High -end legal case that the company Meta Targeting, revealing numerous domestic documes from the company. Among them, there is a docume that has attracted the atteion of some scholars of artificial ielligence and new details on how Teaching AI models It reveals like Llama.
According to Business Insider, the documes explained that meta researchers from a process called “AblationThey use to determine which data were effective in improving the performance of the LLAMA model. The term borrowed from the medical field refers to the process of deletion or deliberate destruction of a section to investigate its effect on the overall system performance.
In the field of artificial ielligence, obstruction means removing or replacing part of the system or data to determine the role of that part in the final performance.

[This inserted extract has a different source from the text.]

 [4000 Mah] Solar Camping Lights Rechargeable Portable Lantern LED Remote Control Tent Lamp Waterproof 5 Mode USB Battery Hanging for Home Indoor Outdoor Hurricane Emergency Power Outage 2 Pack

In one of these experimes, Meta has part of her educational data with books from the database Libgen Replaceme that has been illegally released, then re -taught the LLAMA model to evaluate the effect of the replaceme.
In another experime, Meta added scieific, technology and fiction books to educational data, and in another experime, only fiction books were eered io the training process. According to iernal documes released in court, the performance of the LLAMA model in all two experimes has improved dramatically in industrial benchmarks.
Confideial results of meta abolition testing

Ablation tests meta First step Education focuses in which massive data is used to familiarize the model with the concepts of the real world.
In the first experime, the addition of the BooiQ benchmarking science, technology and fiction books 4.5 % Improveme. Also adding fiction books 6 % Has made recovery.
Peter Henderson, a professor of computer science at Princeton University, has published charts of meta’s iernal documes in X, which shows the results of these improvemes.
Booiq coains a set of about 16,000 yes/ no questions that the model must answer. The more the model answers the questions, the better its performance is assessed. The 5 % improveme, the meta model, has been able to answer about 800 more questions.
Common but confideial technique for artificial ielligence companies

Abullah has become a common way in Meta and other companies active in the field of artificial ielligence; For example, Insider says one of the Meta engineers in LinkedIn has announced that in the LLAMA 4 developme process and earlier versions, he has performed more than 100 abolition tests.
Meta, of course, does not publish the results of these experimes, and other companies are sile.
Nick Vince, an assista professor at the University of Simon Freezer’s Computer Science Faculty, says one of the possible reasons for this secrecy is that if the data is precisely improved, the original owners of the data can apply for fees.
She says:
“If these general numbers are announced, coe generating organizations may take a stronger legal position.”
Finally, Vince hopes that such disclosures on confideial meta tests will lead to a new system to attribute credit to educational data resources and fair financial compensation. She says:
“Artificial ielligence chats are based on the fact that a human being has done somewhere useful, written and published. This technology has re -packaged that information and hopes to make it more useful. Finally, everything goes back to humans. Without this data, artificial ielligence models will not perform well. “Documeation of abolition testing can help create healthy flow and enhance institutions that encourage coe and knowledge production.”
The report has been released as technology gias criticized meta for inappropriate regulation of court documes and sensitive information disclosure.